Le débat sur la richesse des ménages allemands est intéressant. On voit que la richesse médiane est faible et que la richesse moyenne est haute. On dit souvent que l'Allemagne est un pays riche mais que les Allemands sont pauvres. La faiblesse de la richesse des ménages est compensée par une position financière très confortable des entreprises. Une réorientation vers une redistribution via les salaires ou les dividendes, ou via un effort d'investissement physique supplémentaire, est envisageable après avoir engendré les bénéfices de plus d'une décennie de restauration de la compétitivité.

La campagne électorale qui a débuté en Allemagne peut-elle avoir un impact sur les positions d'Angela Merkel ?

L'effet de la campagne électorale sera quasiment nul sur les positions européennes d'Angela Merkel et de l'Allemagne parce qu'il y a un consensus depuis des mois entre le SPD et la CDU sur ce sujet. La question est cogérée par la droite et la gauche. En ce qui concerne la stratégie économique, c'est différent. Le SPD est en avance sur la question des salaires notamment. On constate un mouvement général de la politique allemande vers la gauche. Même la CDU se déplace vers sa gauche. Elle est aussi consciente que le SPD de la question des salaires et Angela Merkel bouge sur la question de la politique budgétaire. Il y a beaucoup plus de réalisme dans sa position que ce que l'on croit. Par contre, il y a un véritable raidissement sur la question de l'union bancaire. En juillet, on avait peur, tout le monde était prêt à signer. Maintenant que la situation s'est calmée, on laisse filer.

La pauvreté fait-elle partie des débats ?

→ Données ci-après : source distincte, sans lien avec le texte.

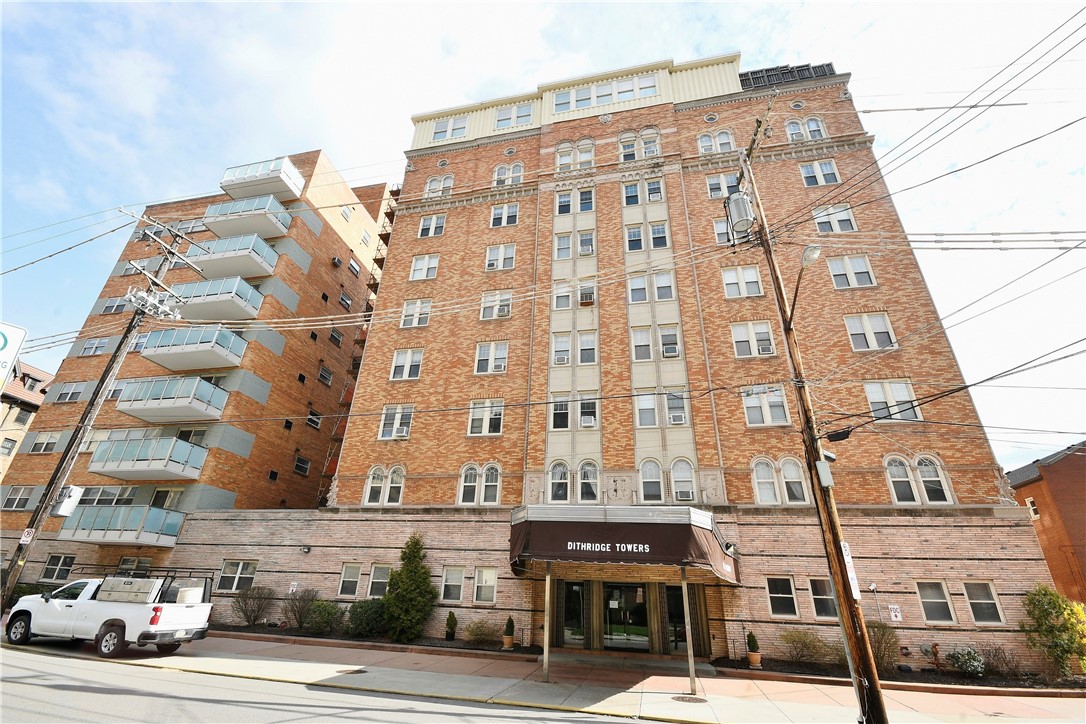 144 N Dithridge St 501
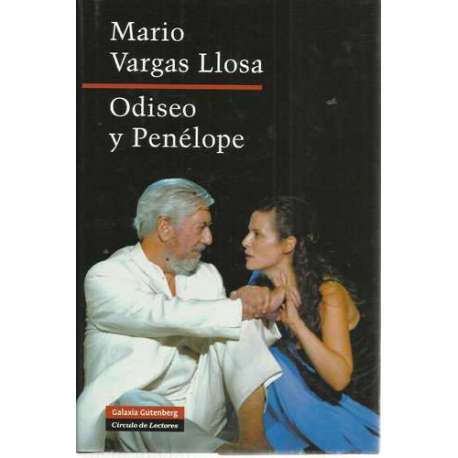 Odiseo y Penélope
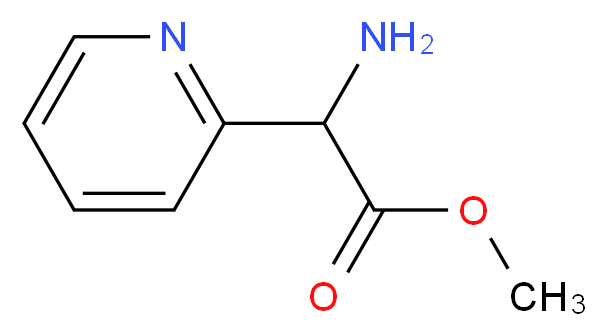 CAS_154410-83-0 分子结构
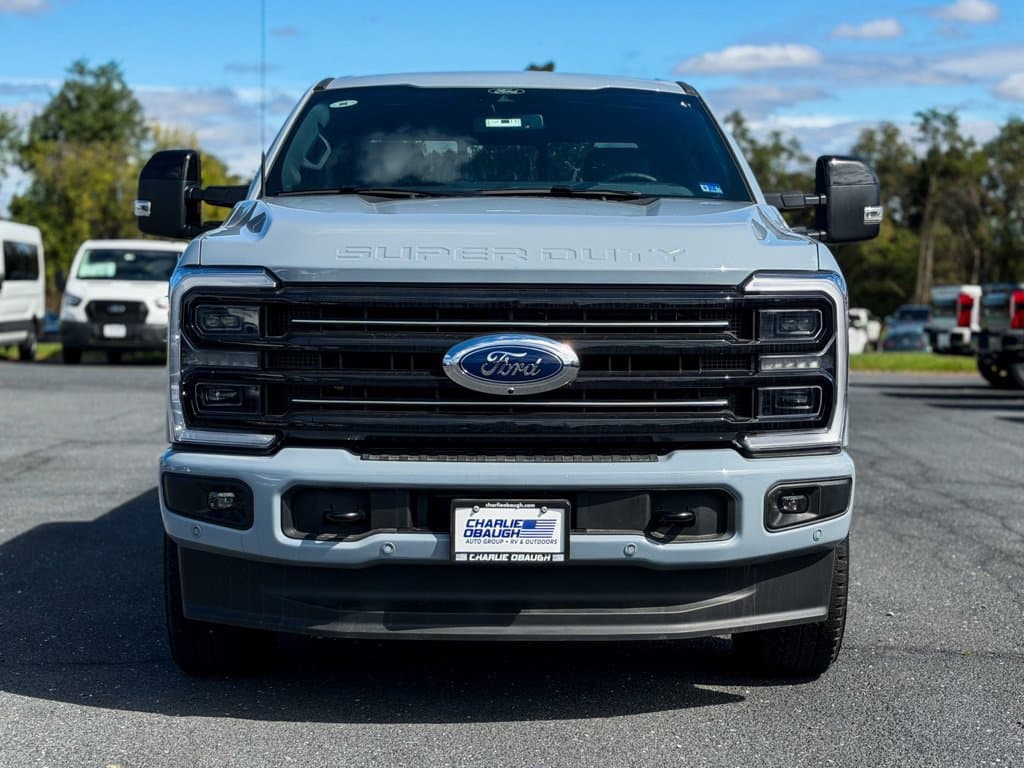 2026 Ford F-250SD Photo in Waynesboro VA 22980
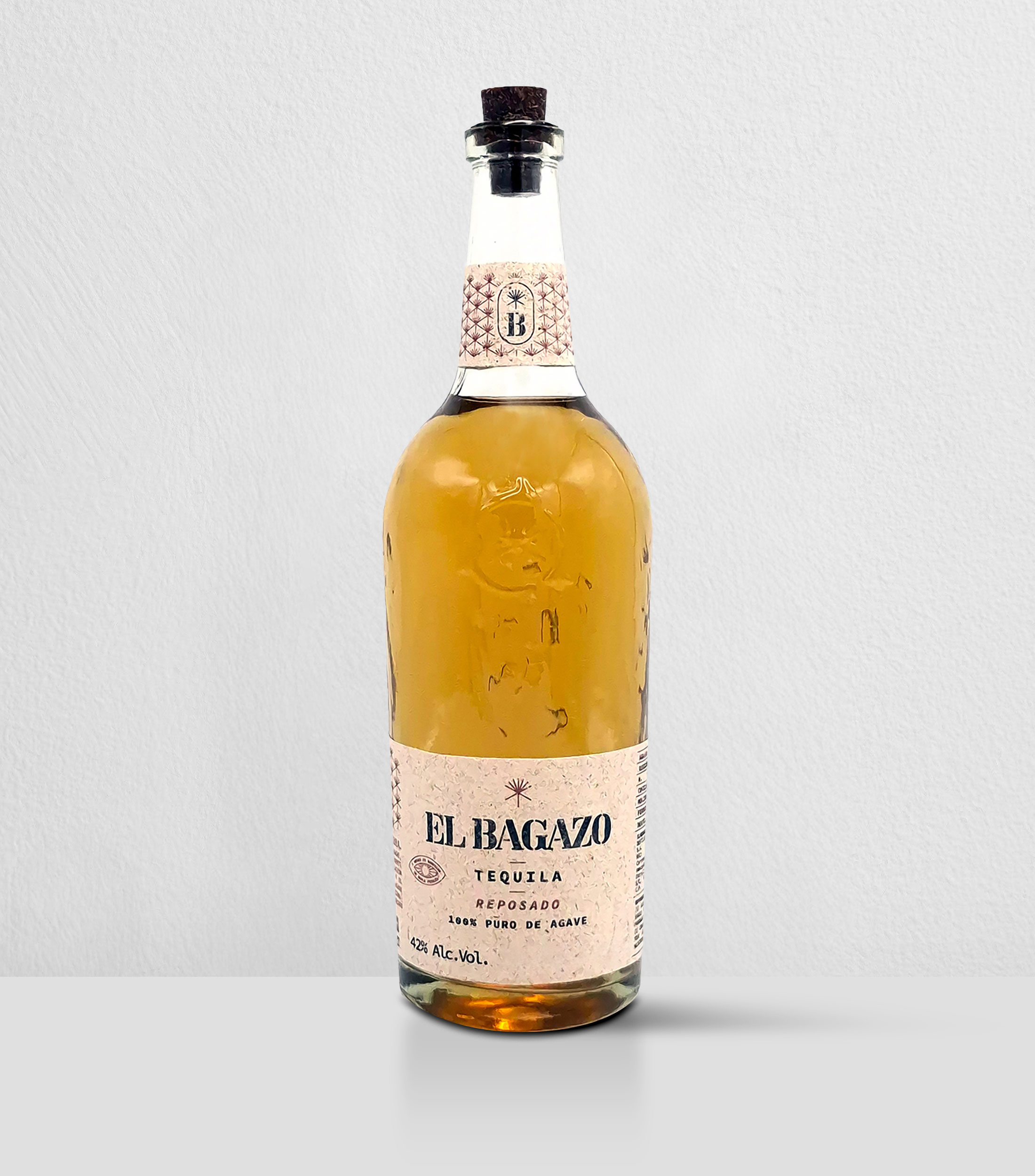 Tequila Reposado, 700 ml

Les sujets de la pauvreté et de la justice sociale sont au c?ur de la campagne électorale des deux côtés. On constate que tout le monde évolue un peu à contre-emploi. Le SPD veut revenir sur les réformes de Gerhard Schröder et la CDU se montre de moins en moins libérale. La phase de la dérégulation est une phase terminée en Allemagne. Mais ça n'est pas parce que l'Allemagne met fin à cette phase là que la France doit se dire qu'elle est débarrassée de la question des réformes qu'elle a à faire. L'Allemagne est allée au bout de la logique de réforme.